__WORK ITEM__
Return the whole listing, line for line, without the pictures in it.

__INFORMATION PROVIDED__
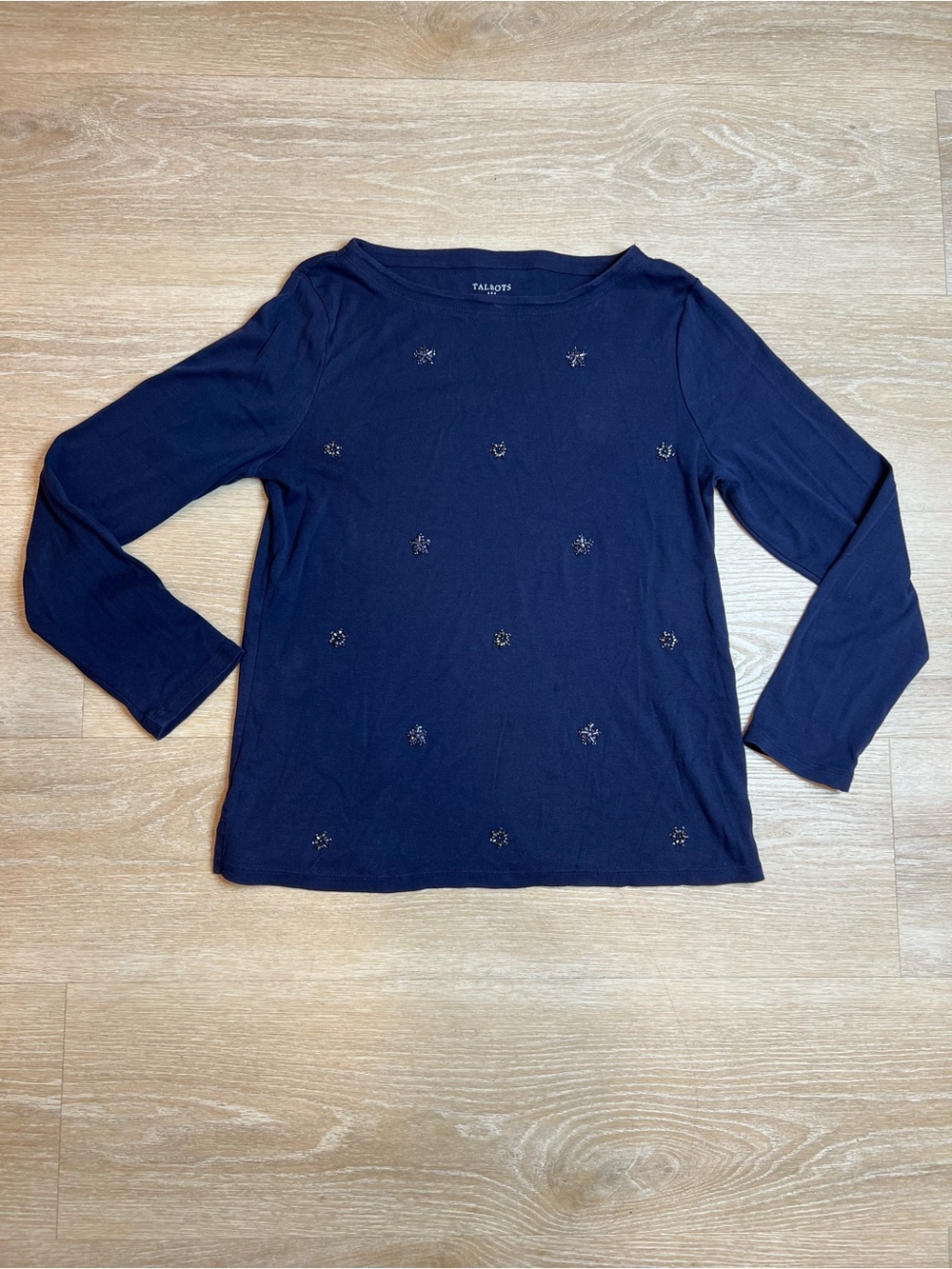 Talbots, Navy Blue Long Sleeve Top, Beaded Accents, 100% Cotton, Women’s Large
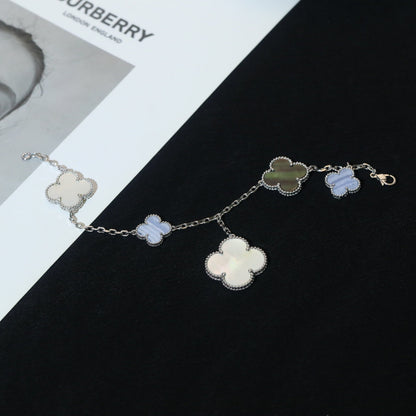 [⭐Hyrra Jewelry]CLOVER BRACELET 5 MOTIFS MOP CHALCEDONY SILVER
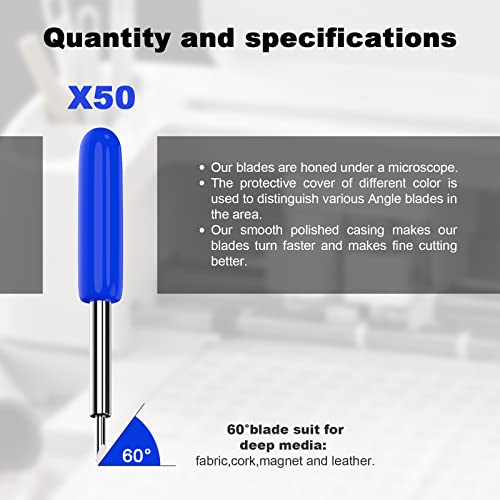 50PCS Replacement Deep Point Blades Compatible with Explore Air/Air 2/Air 3/, Cut Blade Compatible with Maker/Maker 3/Expression Machines, Cut Aleybloodes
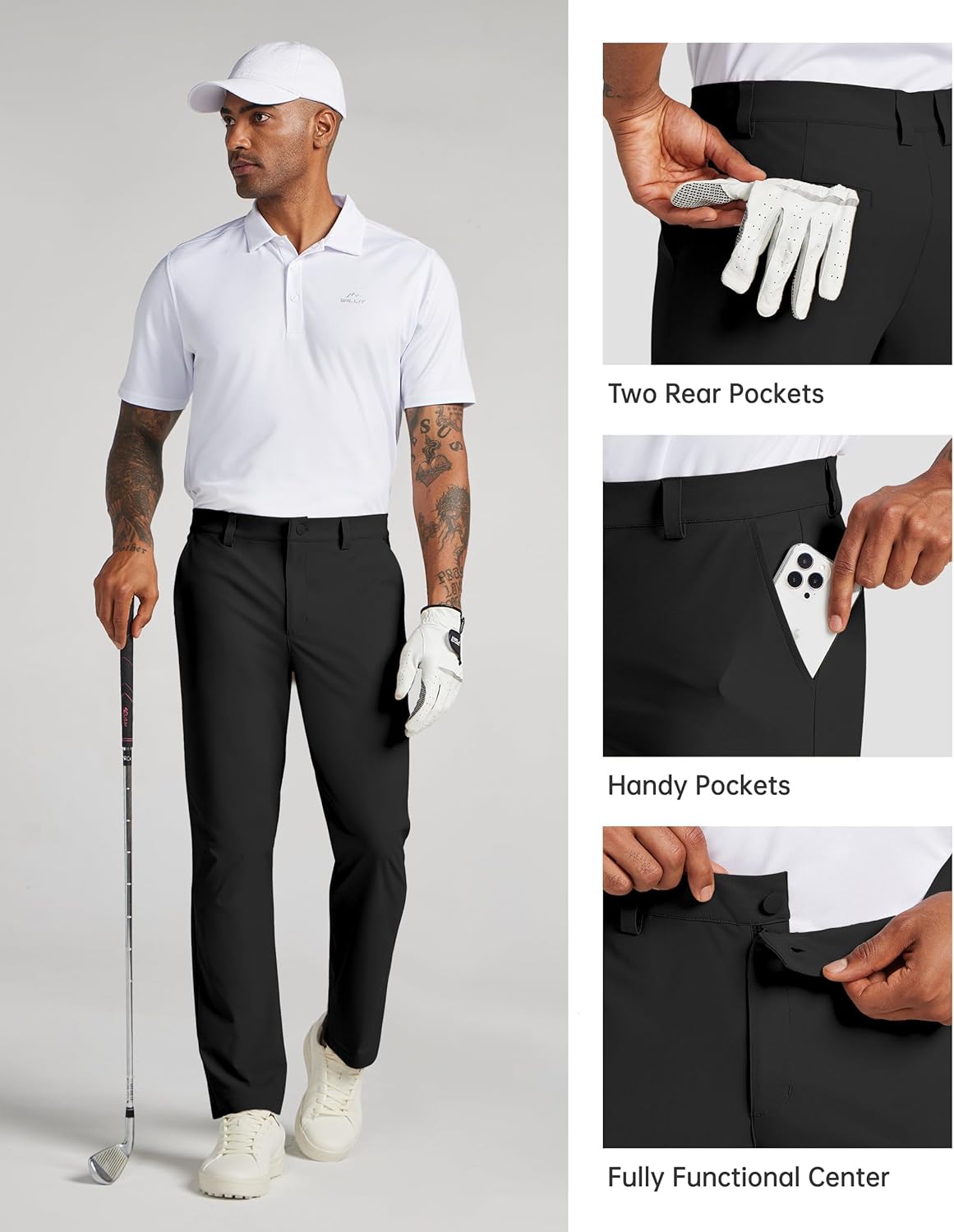 Thumbnail 5 de Willit Men's Golf Pants Stretch Comfy Work Dress Pants — 28''/30''/32''/34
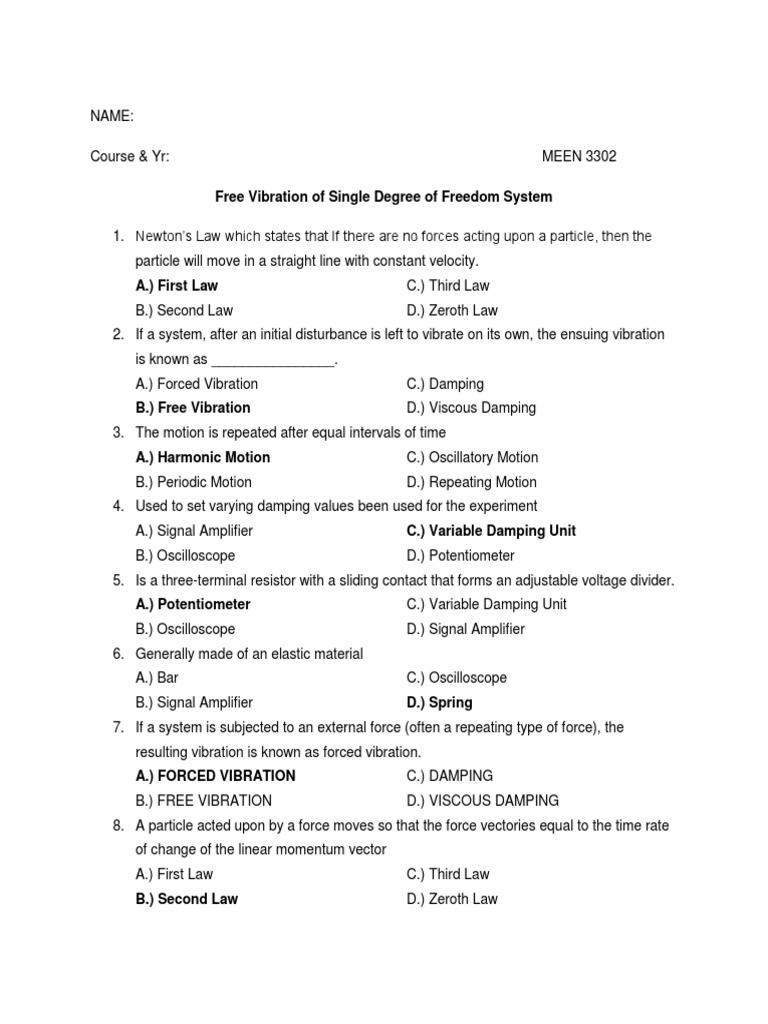 Free Vibration Quiz PDF Applied And Interdisciplinary Physics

__TASK RESPONSE__
 Talbots, Navy Blue Long Sleeve Top, Beaded Accents, 100% Cotton, Women’s Large
 [⭐Hyrra Jewelry]CLOVER BRACELET 5 MOTIFS MOP CHALCEDONY SILVER
 50PCS Replacement Deep Point Blades Compatible with Explore Air/Air 2/Air 3/, Cut Blade Compatible with Maker/Maker 3/Expression Machines, Cut Aleybloodes
 Thumbnail 5 de Willit Men's Golf Pants Stretch Comfy Work Dress Pants — 28''/30''/32''/34
 Free Vibration Quiz PDF Applied And Interdisciplinary Physics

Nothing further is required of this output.